Tampouco era feia de rosto. Tampouco antipática. Tampouco tinha cabelos quebradiços ou desbotados. Tão menos ainda se esforçava para parecer o que era, por essência. Ai, que ódio! A mulher vestia-se somente de espontaneidade naquela microcalcinha dos diabos que fazia os glúteos perfeitos realçarem sobremaneira. E habitava nas costas dela uma tatuagem floral cuidadosamente disposta, como que se escorregasse de cima a baixo. Aquele derrière era algo simplesmente impossível de se desviar os olhos.

Nas revistas, no cinema e na TV, essas mulheres não me afetam. Podem até cansar de se exibir, que não me abalam. Existe o santo photoshop. Existe lente aumentativa, diminutiva. Há manipulação da beleza. Há marketing bom pra valer. Há os cremes tapadefeitos e as cirurgias que reparam até falha na alma. Mas, ao vivo, a coisa muda de figura. Eu juro que vi o corpo perfeito. Mas eu não estava preparada. Deparei com aquela criatura justamente no vestiário da academia que frequento!

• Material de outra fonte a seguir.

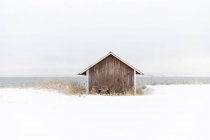 Деревянный коровник в снегу, избирательный фокус — стоковое фото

Uma tormenta em plena manhã de segunda-feira, depois de eu haver me esgotado naqueles aparelhos deformadores, depois de haver subido na balança denunciadora do sorvete do fim de semana.

Então, eu a fitei com extrema força, como se fosse possível sugar-lhe todos os sublimes contornos. Eu a fitei com aquela inveja pura da pecadora embutida que não ousa se despir nem dentro do próprio armário. Eu a despi da tatuagem e da bunda linda, e ainda havia beleza nela que não acabava. Eu ambicionei despojar-me da mesma forma, e que em mim houvesse tamanha formosura. Porque ela estava bem tranquila, consciente das nádegas que tinha, em harmonia com a gordura zero, o circuito impecável, a nudez ideal.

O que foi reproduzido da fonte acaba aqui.